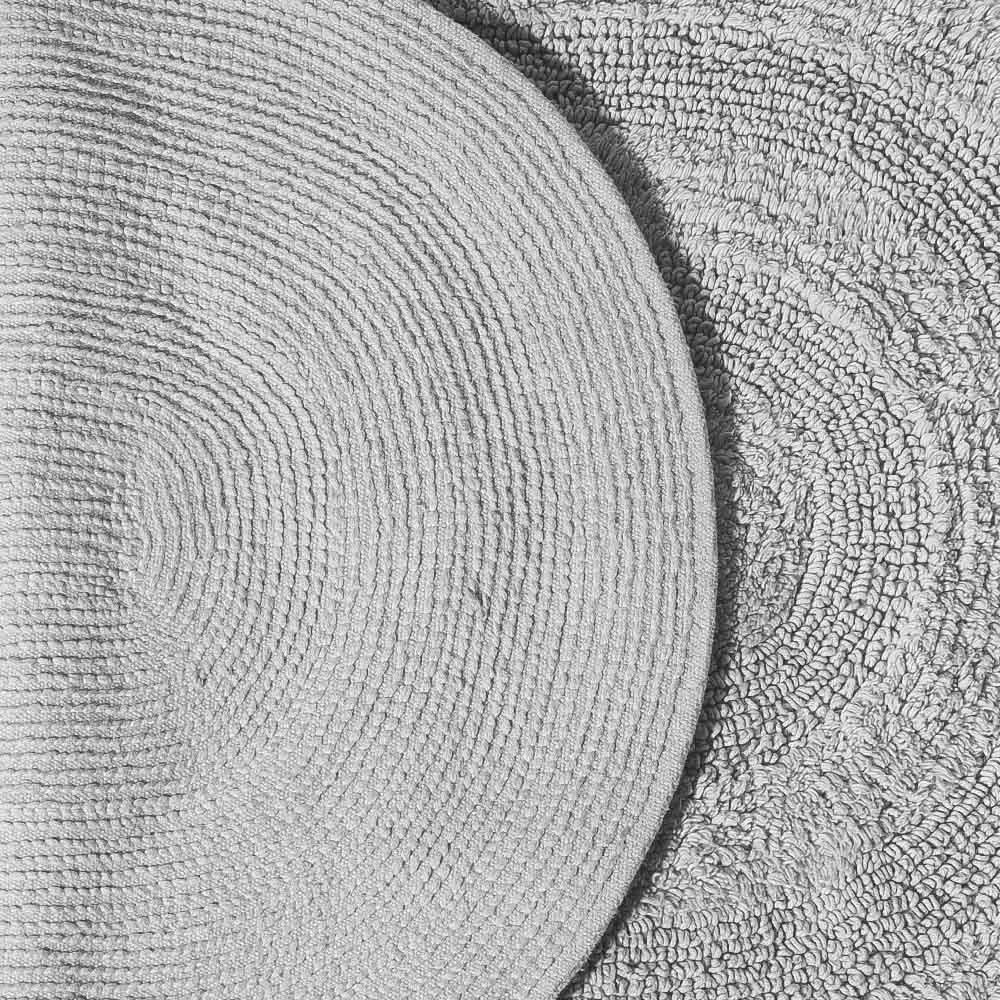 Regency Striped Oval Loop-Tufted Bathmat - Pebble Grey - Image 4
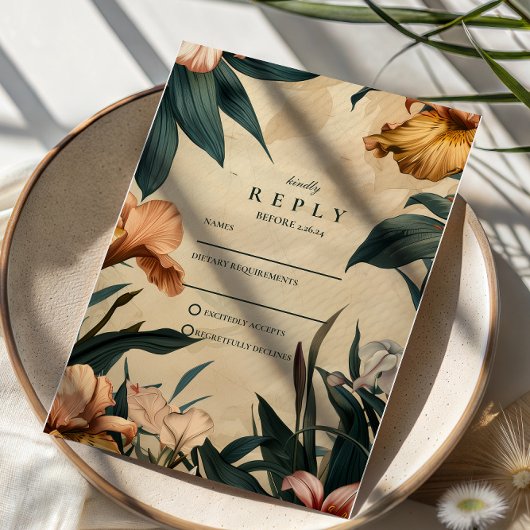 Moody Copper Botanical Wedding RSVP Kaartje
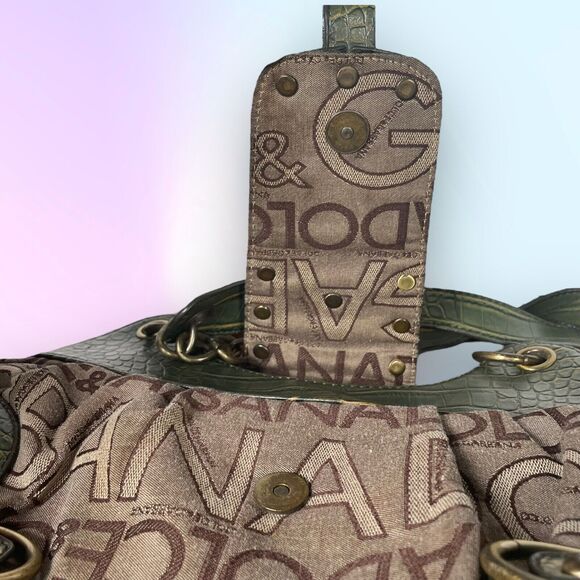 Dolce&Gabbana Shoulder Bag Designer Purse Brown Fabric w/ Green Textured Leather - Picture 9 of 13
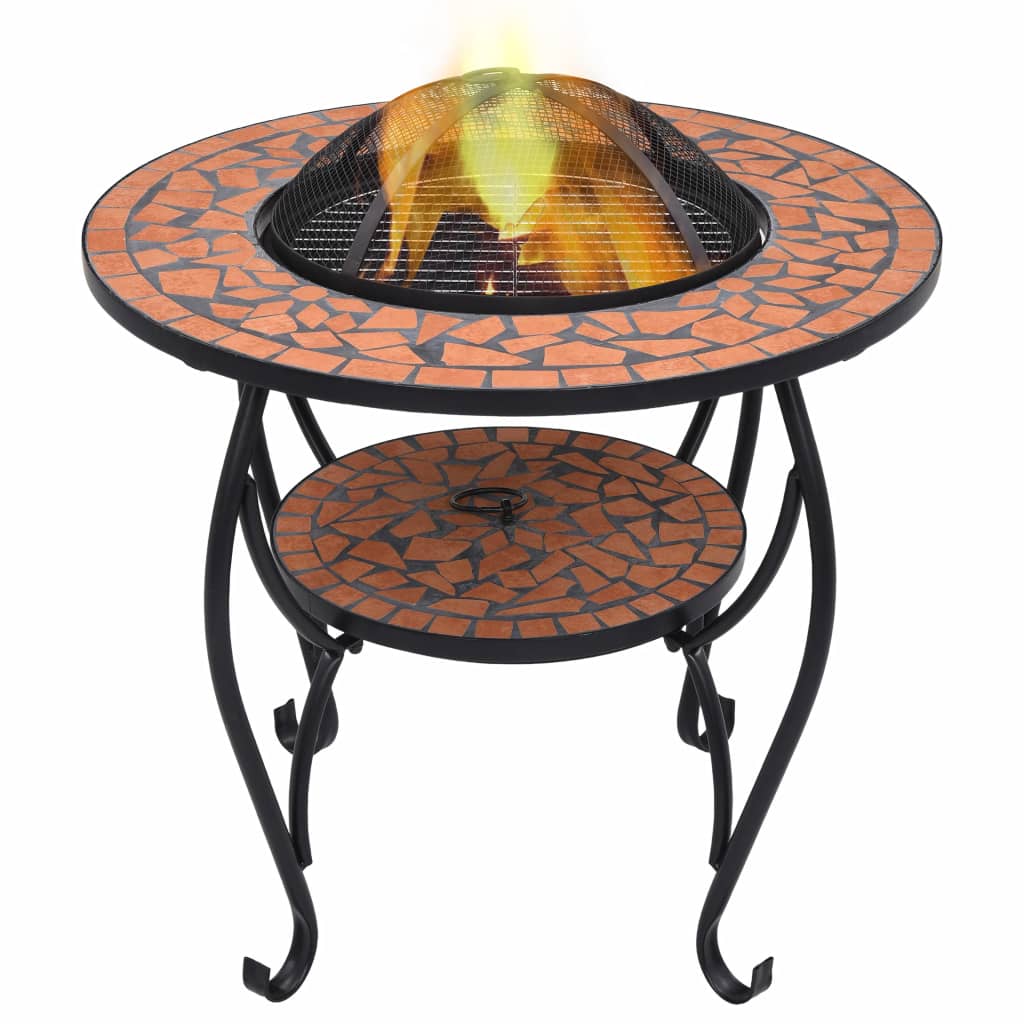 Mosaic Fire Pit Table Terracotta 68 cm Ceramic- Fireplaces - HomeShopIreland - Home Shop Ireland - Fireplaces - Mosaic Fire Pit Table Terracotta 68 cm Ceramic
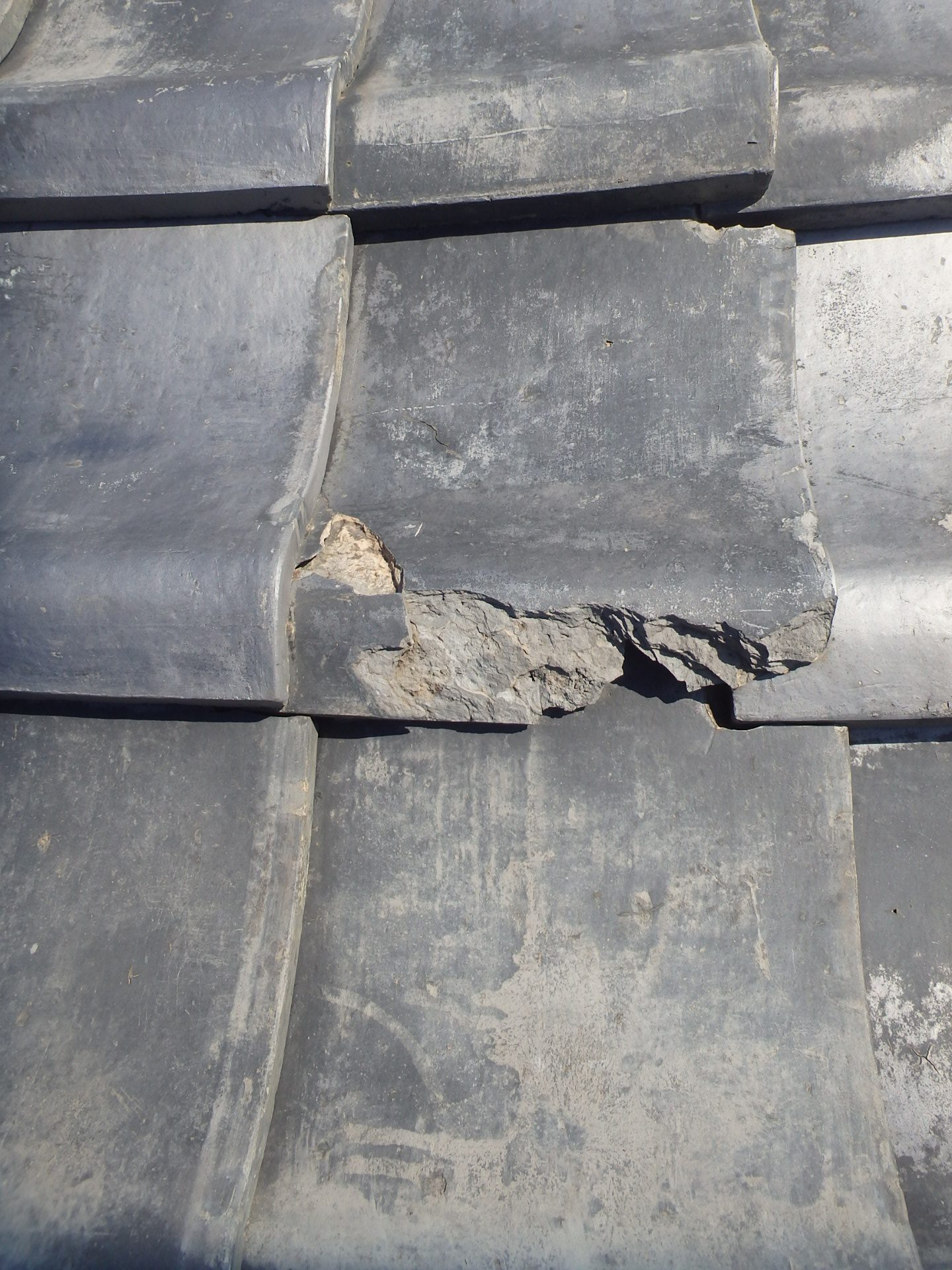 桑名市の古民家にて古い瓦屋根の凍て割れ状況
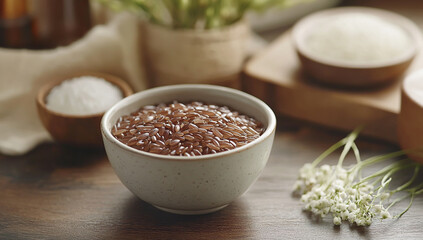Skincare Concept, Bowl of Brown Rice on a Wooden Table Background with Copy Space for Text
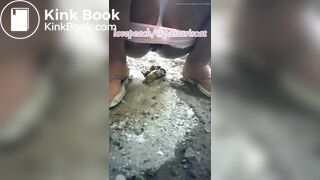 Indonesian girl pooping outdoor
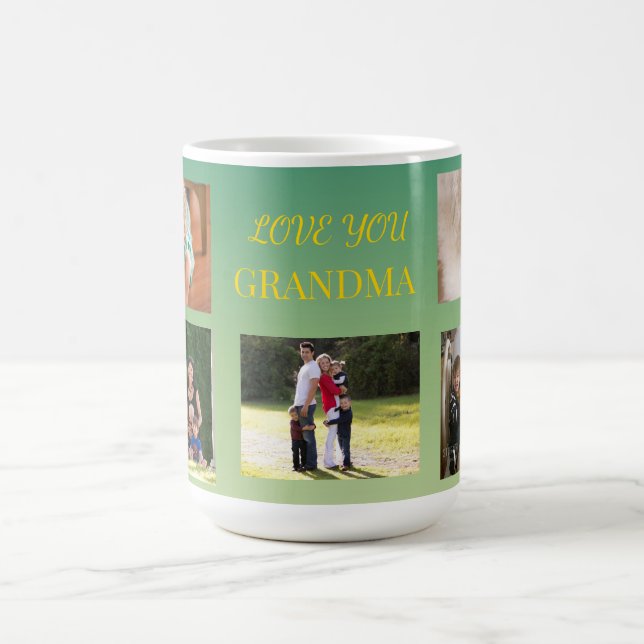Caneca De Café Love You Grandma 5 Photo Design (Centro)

* _Task to complete_: Each line of the listing above belongs in the answer exactly as written; the pictures do not.

* _Response for this exercise_:
 Regency Striped Oval Loop-Tufted Bathmat - Pebble Grey - Image 4
 Moody Copper Botanical Wedding RSVP Kaartje
 Dolce&Gabbana Shoulder Bag Designer Purse Brown Fabric w/ Green Textured Leather - Picture 9 of 13
 Mosaic Fire Pit Table Terracotta 68 cm Ceramic- Fireplaces - HomeShopIreland - Home Shop Ireland - Fireplaces - Mosaic Fire Pit Table Terracotta 68 cm Ceramic
 桑名市の古民家にて古い瓦屋根の凍て割れ状況
Skincare Concept, Bowl of Brown Rice on a Wooden Table Background with Copy Space for Text
 Indonesian girl pooping outdoor
Caneca De Café Love You Grandma 5 Photo Design (Centro)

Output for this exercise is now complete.